Our finding of more than 99% agreement for caesarean versus ‘not caesarean’ is consistent with studies conducted in the 1980s and 1990s in Australia and North America, which observed 98.3% agreement in 356 women3 and 100% agreement in 397 women,1 69 women,2 and 754 women.4 However, these studies did not assess maternal reporting of more specific groupings of mode of delivery. Among the women who reported having had a caesarean section in our study, there were discrepancies between planned and emergency caesarean for 10.7% of women. This is consistent with a recent North American study in which 11% (10/88) of women who were delivered abdominally did not know the indication for their caesarean section.5 Clearly, the definition of emergency caesarean is open to misunderstanding, particularly when it often refers to an ‘in-labour caesarean’ that happens because of failure to progress rather than a more life-threatening event such as severe haemorrhage.

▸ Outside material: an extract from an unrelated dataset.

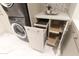 This laundry room has custom pull out storage solutions and a stackable washer dryer at 6587 N Palmeraie Blvd # 2041, Paradise Valley, AZ 85253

Our large study, which is representative of contemporary UK, confirms that maternal reporting of mode of delivery is highly reliable. This is an important finding in the context of clinical staff caring for women and those conducting epidemiological studies. However, in settings that require minimal misclassification between forceps and ventouse or between elective and emergency caesarean section, additional data sources may be needed to ascertain mode of delivery more precisely. Similarly, in settings that are focussing on ethnic minority groups where many women were born outside the UK, additional data sources may also be required. The National Institute for Clinical Excellence guideline on postnatal care recommends that women should be offered an opportunity to talk about their birth experiences and ask questions about the care they received during labour.10 Implementation of this guideline would result in a better understanding and reporting of mode of delivery and other perinatal events.
This work was undertaken by the National Perinatal Epidemiology Unit, which receives funding from the Department of Health. The views expressed in this publication are those of the authors and not necessarily those of the Department of Health.